PG&E also is spending a chunk of money to attack SMUD’s environmental credentials. If you live in Davis, you may have gotten a glossy mailer sporting a cute tree frog and a quote from the Al Gore movie An Inconvenient Truth: “…inconvenient truths do not go away just because they are not seen.”

But look a little more closely at the math. The No campaign boasts that PG&E gets “30 percent of its electricity from wind, solar and water.”

Part of that percentage includes “large hydropower"—big dams that energy regulators don’t consider to be renewable energy. If SMUD were to include the power it gets from big dams, its green percentage would rise to about 42 percent.

And according to the California Energy Commission, PG&E’s renewable-energy mix, the share of its electricity that comes from wind, solar and biomass, is about 11.4 percent.

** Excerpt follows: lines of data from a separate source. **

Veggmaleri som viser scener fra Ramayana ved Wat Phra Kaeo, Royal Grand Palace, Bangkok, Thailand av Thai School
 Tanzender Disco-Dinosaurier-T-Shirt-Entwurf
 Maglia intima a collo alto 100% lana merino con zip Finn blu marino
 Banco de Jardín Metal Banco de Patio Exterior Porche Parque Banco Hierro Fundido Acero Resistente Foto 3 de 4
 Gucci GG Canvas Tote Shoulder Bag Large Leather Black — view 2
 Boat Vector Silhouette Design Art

Measured the same way, SMUD’s renewable share is 14.5 percent.

PG&E also touts a 35 percent smaller “carbon footprint” than SMUD. In other words, less of its energy, per kilowatt, results in greenhouse gases being released. SMUD has to concede the point, but notes that PG&E gets a big chunk of its energy from its Diablo Canyon Nuclear Power Plant. Nuclear reactors don’t give off carbon dioxide, but there is that little problem of what to do with all that nuclear waste.